Also the standards of bike design were often quite poor - you were bang in the dooring zone most of the time, for example. It maybe that because motorists are more used to cyclists then they do not need to be built to the same exacting standards that we have over here*

*Cue for hollow laugh - but the design standards certainly in London are very high. It's the reality that lets it down


----------



## Pete (8 Apr 2008)

I've had fair amount of courtesy down in 'my' part of rural France, but then there isn't that much traffic anyway! There is some cycling 'infrastructure' - mostly similar to what we have in UK but I haven't seen anything worthy of the 'Warrington' website yet!

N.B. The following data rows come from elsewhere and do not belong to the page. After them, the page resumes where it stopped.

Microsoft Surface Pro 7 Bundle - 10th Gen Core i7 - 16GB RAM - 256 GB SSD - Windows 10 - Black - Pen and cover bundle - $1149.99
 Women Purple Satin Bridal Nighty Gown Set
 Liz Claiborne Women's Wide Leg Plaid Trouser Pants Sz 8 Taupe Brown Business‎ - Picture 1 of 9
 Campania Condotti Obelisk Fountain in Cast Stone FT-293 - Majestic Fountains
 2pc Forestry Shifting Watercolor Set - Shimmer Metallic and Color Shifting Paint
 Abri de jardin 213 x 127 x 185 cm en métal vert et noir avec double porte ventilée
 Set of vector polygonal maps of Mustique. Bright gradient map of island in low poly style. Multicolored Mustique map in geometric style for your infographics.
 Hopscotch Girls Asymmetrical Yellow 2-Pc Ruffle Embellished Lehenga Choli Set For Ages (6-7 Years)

One road leading into the nearest large town has had shared-use lines painted in on both pavements, alas! What makes it worse is that the pavement undulates sharply up and down wherever it crosses a private driveway. These paths are signed with blue _circular_ cyclepath signs (not rectangular) - I don't know whether that makes them mandatory. Anyway I haven't cycled along that road yet. Perhaps I ought to lurk there until a French roadie comes along and watch what he does...


----------



## Domestique (17 Apr 2008)

I have really enjoyed all my cycling in Northern Europe. I would be quite happy to ride on cycle paths if we had the same system.
I feel very let down when I make the effort and leave the car behind and take to two wheels at the way cyclists are treated in this country.


----------



## asterix (14 May 2008)

I think it's just an attitude thing. As someone said, if you get passed impatiently and too close round here, it'll be a British reg car. Loads of cyclists out at le weekend almost always on good bikes and very often unhelmetted.


----------



## Alves (14 May 2008)

One reason "foreign drivers" overtake cyclists badly is because they are driving on the wrong side and fear that they cannot judge how much space their passenger side is into the other lane but feel they can drive closely to a cyclist because they can judge it better because the driver thinks he can see the cyclist better. This works for european drivers in the UK, I think. I have noticed this on some of our country roads in Scotland in the summer. That's my theory anyway for the reason for drivers to drive dangerously, not an excuse, just an explanation.


----------